Cuando Trump, ingenuo y obstinado, mantuvo conversaciones a solas con el presidente de Rusia, solo los acompañó un intérprete ruso. Trump no pudo sacarle nada a Putin sobre la crisis en Siria, lo convencieron de que el servicio secreto ruso podía entrevistar a sus propios espías capturados por los estadounidenses y, al final de la cumbre, no se anunció ningún acuerdo.
Tal fue el espectáculo que se habló mucho de que los rusos tenían kompromat (material comprometedor) sobre Trump. Incluso le preguntaron al dictador ruso al respecto, y él bromeó sobre lo que hacen los empresarios estadounidenses en Moscú. Dada la presión a la que está siendo sometido por negarse a publicar los archivos de Epstein, puede que Trump tenga la guardia baja mientras intenta negociar la libertad de Ucrania.
En otras palabras, es Putin quien entiende el arte del trato. Sabe lo que quiere y sabe que no puede perder. Ya ha ganado el premio propagandístico de pasar de ser el líder paria de un Estado canalla a verse como un socio a la par de Estados Unidos, dividiendo a Europa en esferas de influencia como supieron hacerlo Stalin y Roosevelt.
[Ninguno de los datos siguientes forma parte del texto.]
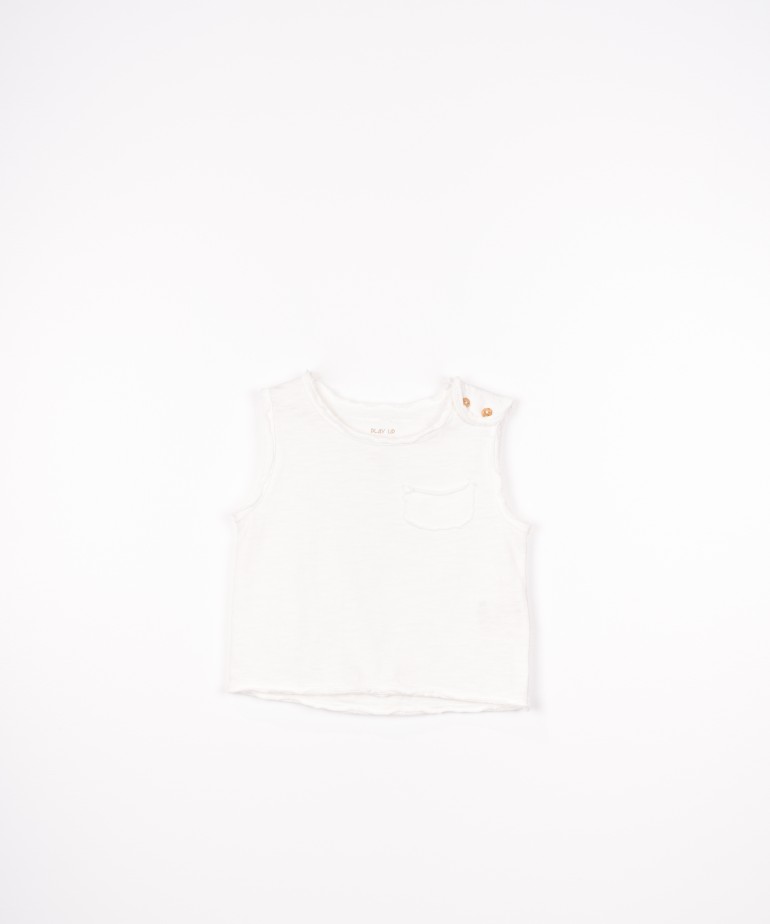 T-shirt in organic cotton with no sleeves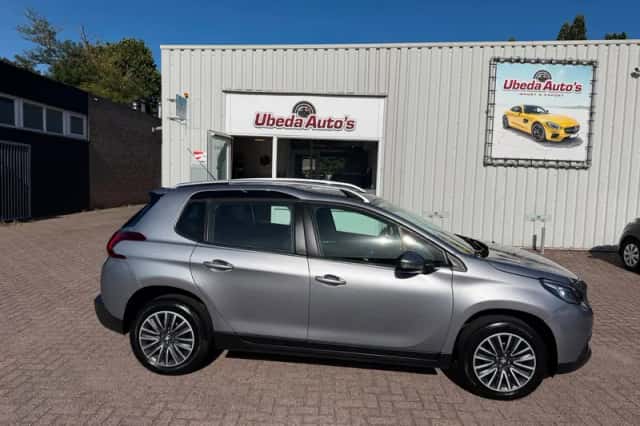 Peugeot 2008 (2017) thumbnail 1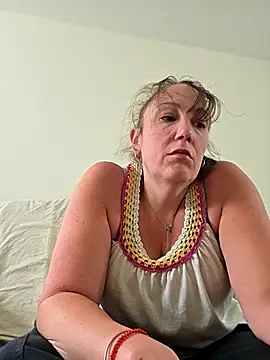 Wisie Cutie online show from April 15, 3:27 pm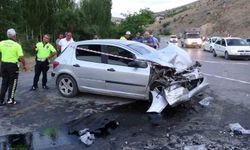 Malatya’da İki Otomobil Çarpıştı, 11 Kişi Yaralandı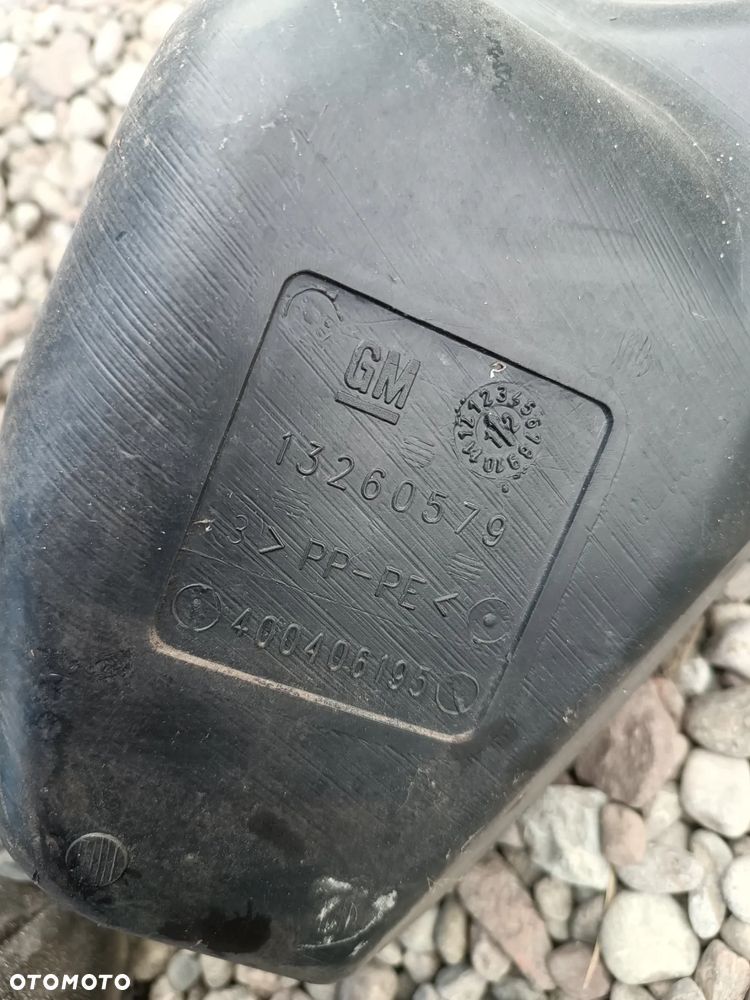 ZBIORNICZEK SPRYSKIWACZY KOMPLETNY 13260579 opel astra j iv 2011r - 2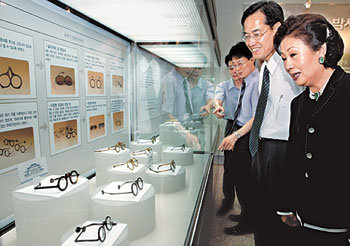 고 김철 박사가 수집한 70여점의 옛 안경이 전시된 서울대 의학박물관에서 김 박사의 부인 김미자씨(오른쪽)가 관람객들과 함께 전시품을 구경하고 있다. -김미옥기자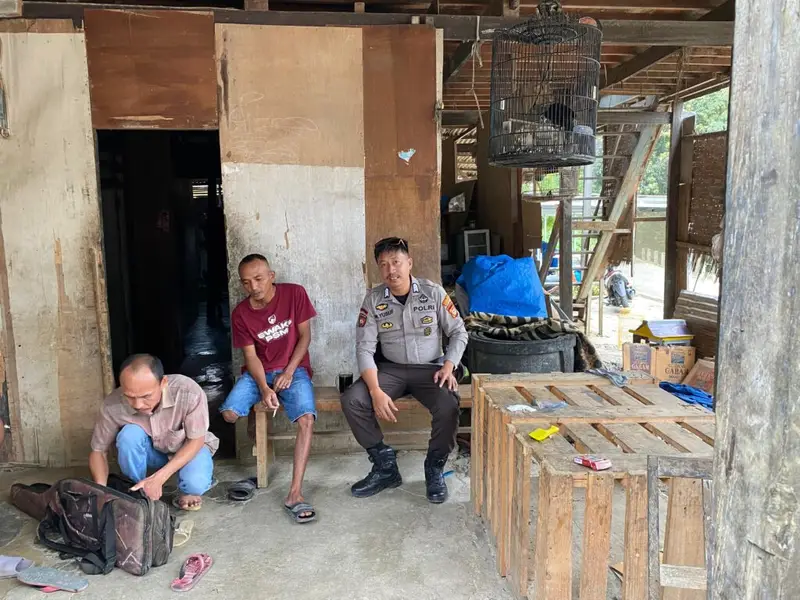 Melalui Bhabinkamtibmas, Polsek Alla Ajak Masyarakat Ciptakan Pilkada Damai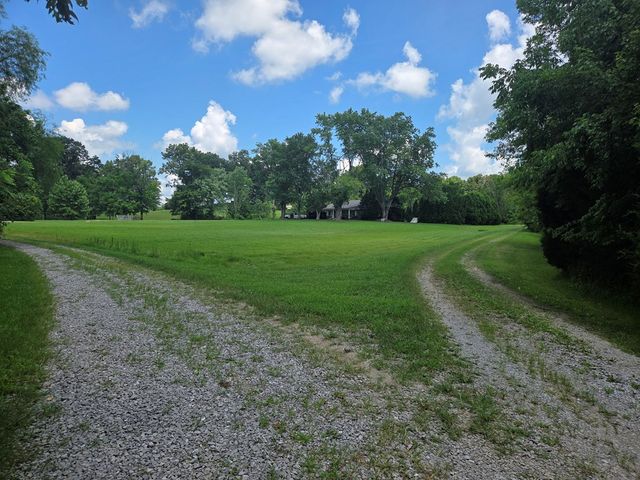 2210 Woodburn Hay Rd, Hopkinsville, KY 42240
En ese entonces, como ahora, las naciones más pequeñas —e incluso los británicos, representados por Winston Churchill— tuvieron que aceptar el hecho consumado entre Rusia y Estados Unidos.
No es de extrañar que, en el proceso de paz, el presidente Zelensky, el presidente Macron, el canciller Merz y el primer ministro Starmer ocupen un lugar de menor importancia, si es que ocupan alguno.
A pesar de todas las especulaciones previas a la reunión, todos sabemos cómo se desarrollará. Putin exigirá que la mayoría (si no todas) de las provincias del este de Ucrania, más Crimea, pasen a formar parte de Rusia en la práctica. Solo habrá un cese al fuego si Trump cumple esta condición previa, en secreto o públicamente. A cambio, a Zelensky se le podría ofrecer la restitución de una porción de la costa del Mar Negro: “bienes inmuebles de primer nivel junto al océano”, en la jerga de Trump. Trump intimidará a Zelensky para que acepte esta fácil victoria de Rusia.
Si Zelensky o el pueblo ucraniano rechazan el “acuerdo”, Trump les soltará la mano. Putin podrá entonces continuar con sus lentas pero implacables ofensivas y, finalmente, la picadora de carne rusa se impondrá. Acabarán con Ucrania, Putin se preparará para su próximo festín, y quizás Estados Unidos se despierte y se dé cuenta de qué demonios está pasando, incluso si Trump sigue en negación.
En cualquier caso, con o sin acuerdo en Alaska, Putin termina quedándose con gran parte del territorio ucraniano.